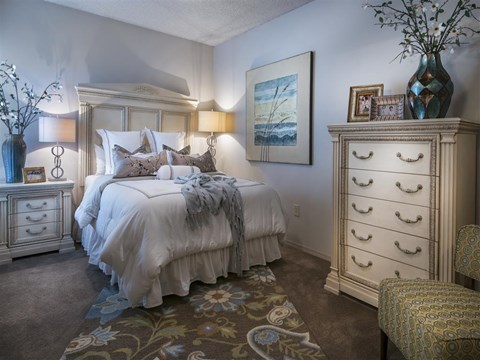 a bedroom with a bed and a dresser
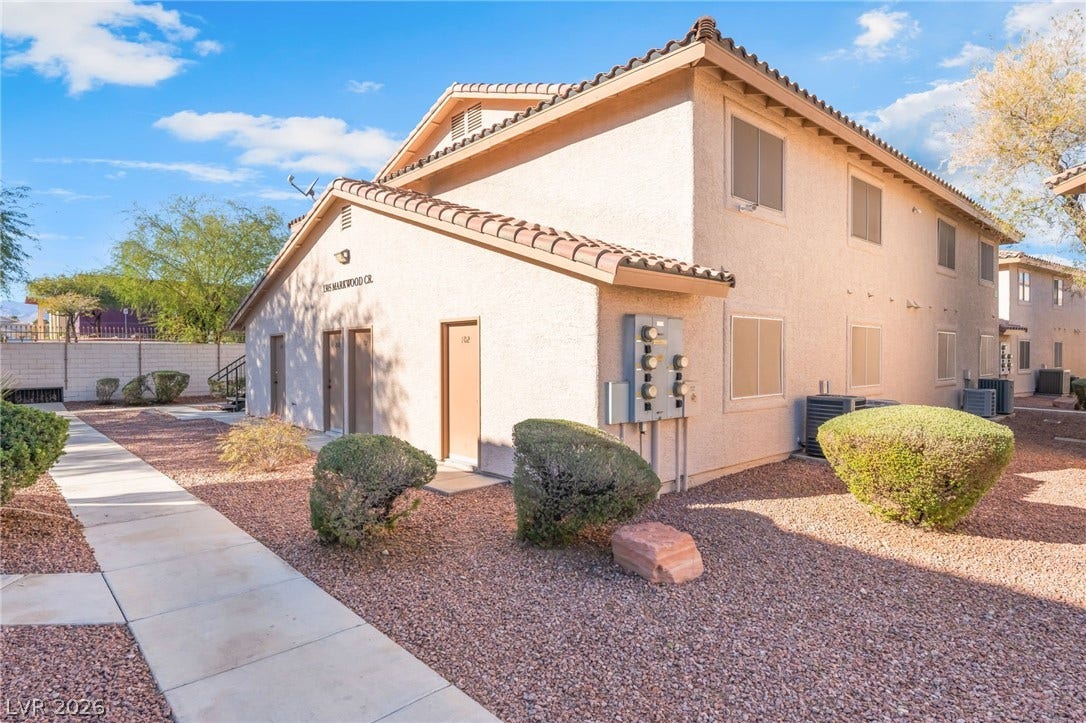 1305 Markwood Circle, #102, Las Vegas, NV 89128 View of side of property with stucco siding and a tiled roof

####################

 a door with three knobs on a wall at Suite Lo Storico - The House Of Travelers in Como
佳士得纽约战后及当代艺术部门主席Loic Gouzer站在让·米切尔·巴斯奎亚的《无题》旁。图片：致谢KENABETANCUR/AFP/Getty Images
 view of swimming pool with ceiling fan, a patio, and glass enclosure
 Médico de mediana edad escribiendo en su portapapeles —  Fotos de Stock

####################

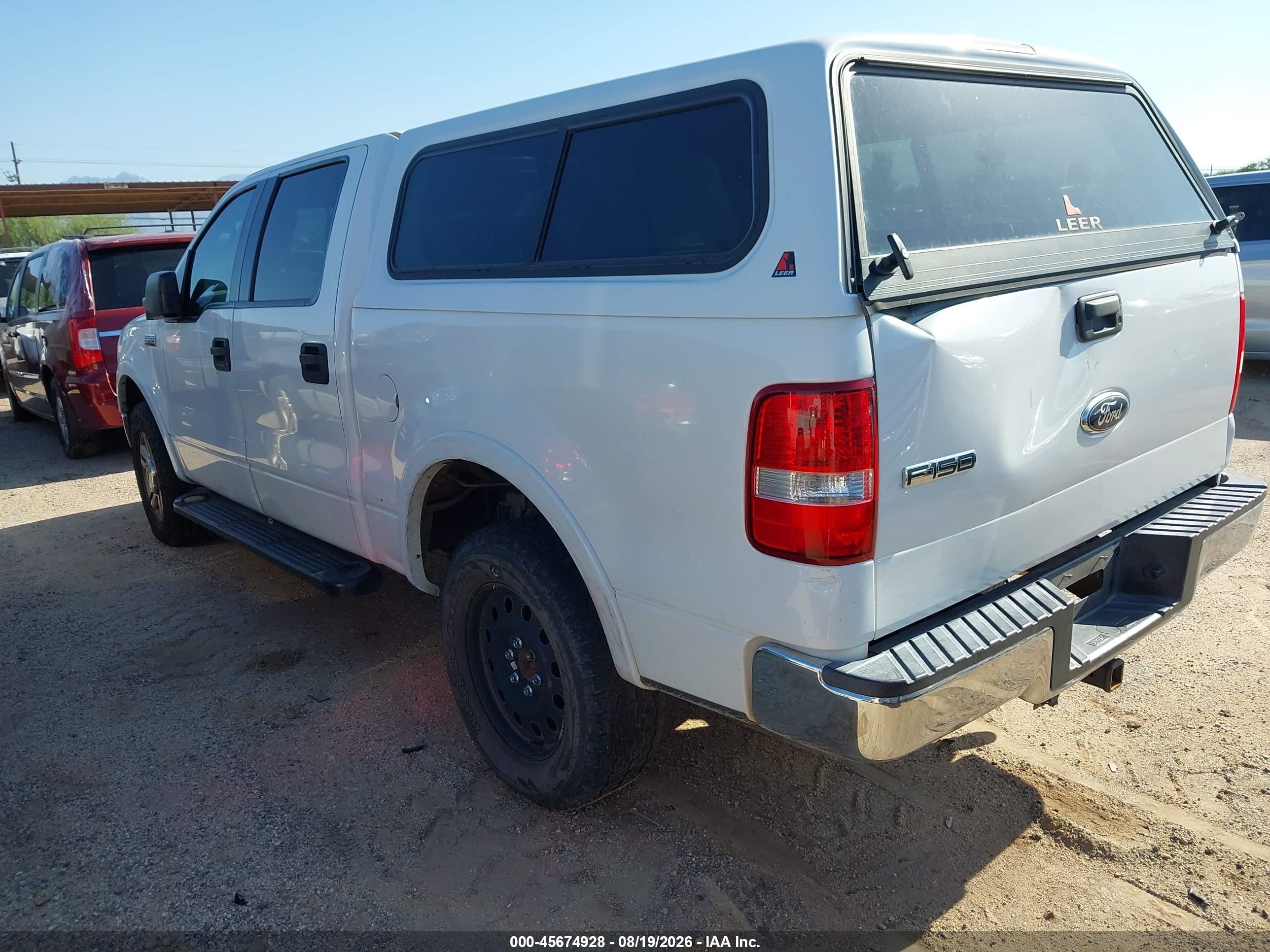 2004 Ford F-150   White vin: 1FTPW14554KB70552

####################

REQUIREMENT => Between and including the line above that contains "a bedroom with a bed and a dresser" and the line that contains "1305 Markwood Circle, #102, Las", restate every line word for word. Pictures stay out.

ANSWER SPACE =>
 a bedroom with a bed and a dresser
 1305 Markwood Circle, #102, Las Vegas, NV 89128 View of side of property with stucco siding and a tiled roof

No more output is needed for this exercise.